Art. 2. De minister bevoegd voor Werk is belast met de uitvoering van dit besluit.

Gegeven te Brussel, 2 juni 2019.

FILIP

Van Koningswege :

De Minister van Werk,

K. PEETERS

_______

Nota

(1) Verwijzing naar het Belgisch Staatsblad :

Wet van 5 december 1968, Belgisch Staatsblad van 15 januari 1969.

Bijlage

Paritair Comité voor de steenbakkerij

Collectieve arbeidsovereenkomst van 18 oktober 2018

Sectoraal aanvullend pensioenstelsel

(Overeenkomst geregistreerd op 11 december 2018 onder het nummer 149432/CO/114)

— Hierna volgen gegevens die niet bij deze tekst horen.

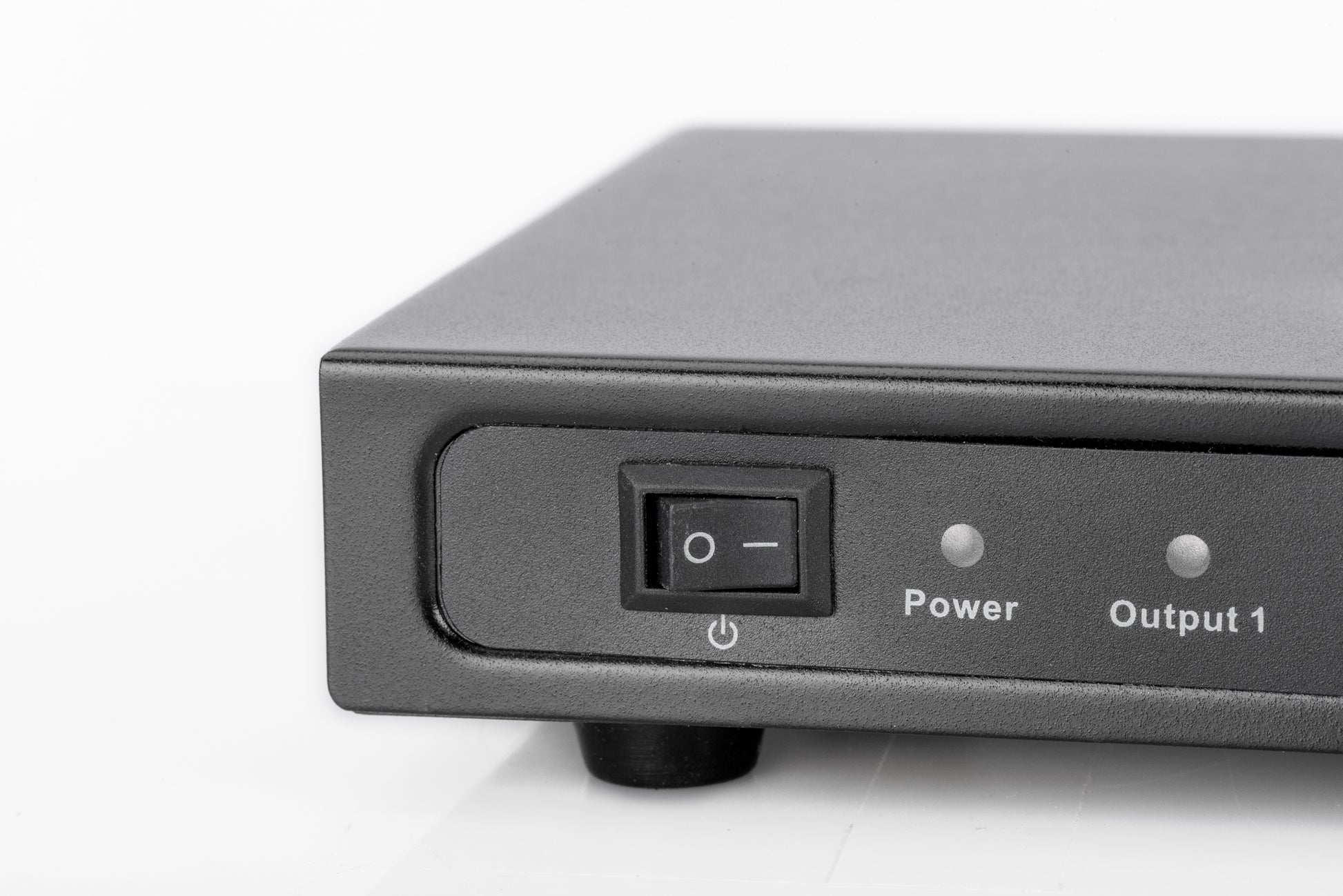 Digitus DS-43302 – HDMI-Splitter – 8-fach, 1920 × 1200 – für HDMI-Geräte – Metallgehäuse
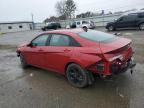 2023 Hyundai Elantra Blue de vânzare în Shreveport, LA - Front End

HOOFDSTUK I. - Toepassingsgebied

Artikel 1. Deze collectieve arbeidsovereenkomst is van toepassing op de werkgevers en arbeiders van de ondernemingen die ressorteren onder het Paritair Comité voor de steenbakkerij.

De termen "arbeider", "hij", "zijn",... verwijzen naar arbeiders en arbeidsters.

HOOFDSTUK II. - Begrippen en definities

Art. 2. Voor de toepassing van deze collectieve arbeidsovereenkomst wordt verstaan onder :

2.1. WAP

De wet van 28 april 2003 betreffende de aanvullende pensioenen en het belastingstelsel van die pensioenen en sommige aanvullende voordelen inzake sociale zekerheid.

2.2. Paritair comité

Het Paritair Comité voor de steenbakkerij of ook PC 114.

HOOFDSTUK III. - Voorwerp en doelstelling

Art. 3. Deze collectieve arbeidsovereenkomst heeft als voorwerp het sectoraal aanvullend pensioenstelsel, ingevoerd met ingang van 30 november 2011 overeenkomstig de collectieve arbeidsovereenkomst van 10 februari 2012 tot invoering van een sectoraal pensioenstelsel, aan diverse wijzigingen die werden doorgevoerd in de WAP.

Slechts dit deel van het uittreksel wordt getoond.